In this study, the authors showed that patients (group 1, n=110) with glucose levels less than 100 mg/dL upon ICU admission had higher mortality rate compared to those (group 2, n=799) with glucose levels ranging between 100 and 199 mg/dL, although there was no statistical difference. They also noted that a higher risk of hypoglycemia in group 1 might contribute to increased mortality. In this regard, it will be particularly interesting to further investigate the association between hypoglycemia (for example, <70 mg/dL) and mortality in this study.

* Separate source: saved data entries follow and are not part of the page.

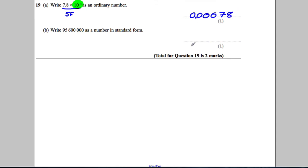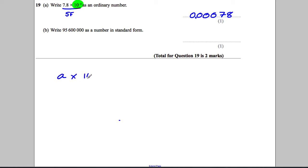We're asked to write the following: 95 million six hundred thousand in standard form. Well, standard form, we always have a number multiplied by 10 to some power, and that number has to be between 1 and 10.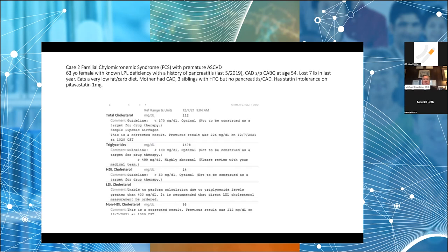Now I want to move to another case in the LPL-related pathway — a very interesting added factor making this patient particularly susceptible. When you think about Familial Chylomicronemia Syndrome, you think about pancreatitis, not necessarily premature atherosclerotic cardiovascular disease. This is an example of a young woman who has both. She has LPL deficiency, history of pancreatitis — she's known about this since she was a very young girl, originally diagnosed by Brunzell in Seattle.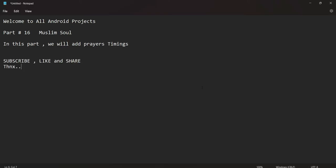Hello guys, welcome to my YouTube channel. This is part 16 and in this part we will add prayer timings. If you are new to my YouTube channel, please subscribe and press the bell icon.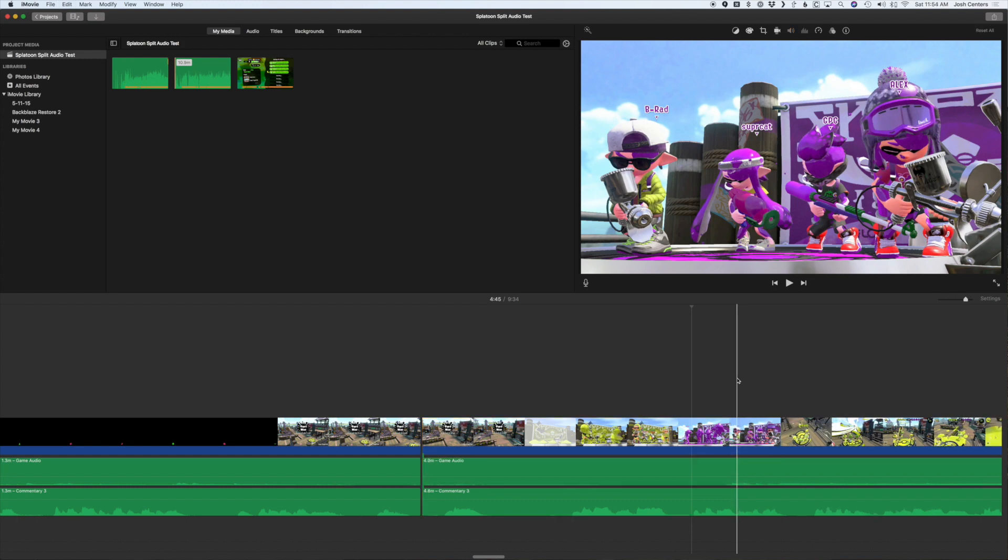If this is the only thing you needed from Final Cut Pro, I just helped you save 300 bucks. So I hope this video helps and if it did, be sure to like and subscribe. Thanks.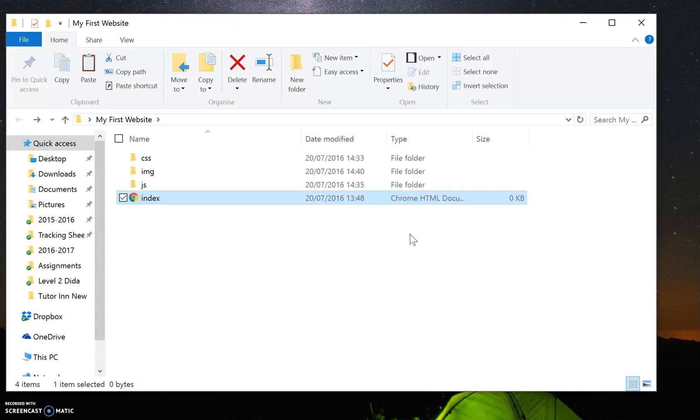If you don't have a file called index, then the server may find it a bit hard to actually locate your file and it won't actually load up your website unless you specify what your actual home page is called.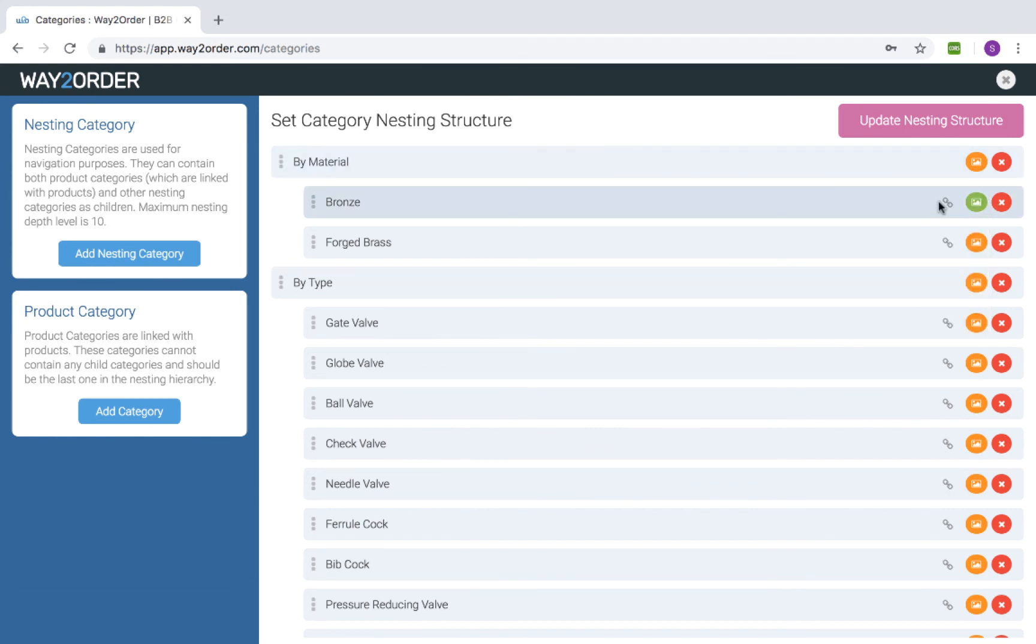The chain link icon indicates that this category is linked with products. Also note that these chain link categories cannot have any child category and should be the last in the nesting structure. Once we are done,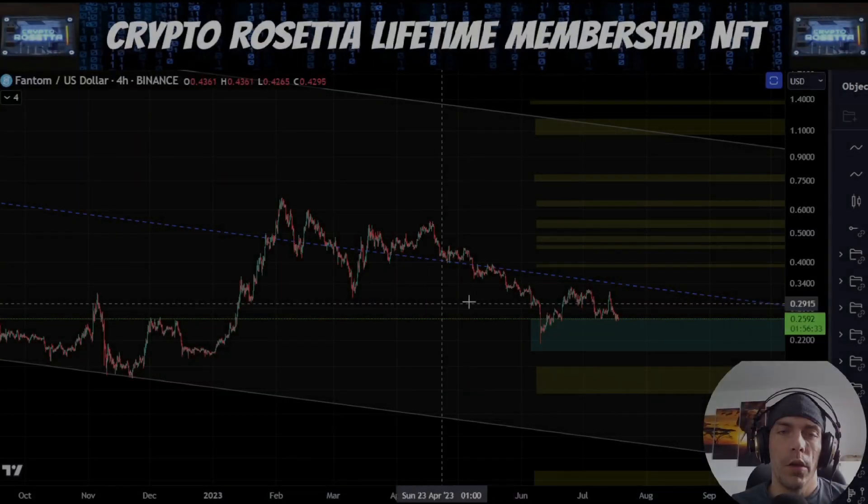Welcome everybody to Crypto Rosetta. My name is Savage. Today we're going to be having a look at Phantom. This is going to be a lower time frame analysis video. We do have a higher time frame analysis video up above, so check that out if that's more what you're interested in. Let's get into the charts and see what's going on.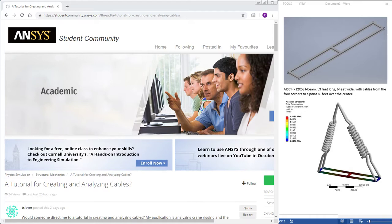Hello, this is Peter Newman. I'm a member on the ANSYS student community and today I'm making a tutorial for Tom Leber on analyzing cables and the structures supported by cables.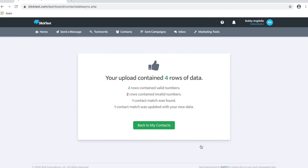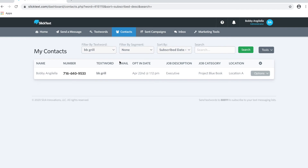Then we're gonna hit Sync Data and look for matching numbers. It's found two valid phone numbers — there was one that was a subscriber on the list and one that matched that subscriber on the spreadsheet, therefore only one contact was updated. If we now go back over to the contacts tab, you can see that my first and last name are updated, my job description and location have been updated and added, and my job category has actually been changed from Project Green Book to Project Blue Book.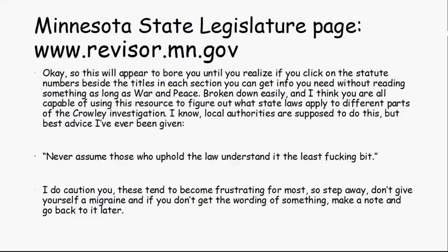Once you learn the numbers and statutes it seems annoying, but you'll quickly get interested in what you find. There are weird laws in every state and some really interesting interpretations. The best advice I've ever received — from the best lawyer I know — was: never assume that those who uphold the law understand it. Also, those legislature pages can be frustrating, so step away if you get a migraine and come back later.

In addition, recent studies have shown that increased glycemic variability is independently associated with mortality in critical illness [9,11]. Thus, fluctuations in glucose levels appear to confer adverse biologic effects in critically ill patients.

Data from both observational and interventional studies suggest that dysglycemia such as hyperglycemia, hypoglycemia, or increased glycemic variability is independently related to increased mortality in critically ill patients. Therefore, it now seems important for clinicians to note that critical illness-related dysglycemia should be promptly recognized and appropriately managed in ICU.


No potential conflict of interest relevant to this article was reported.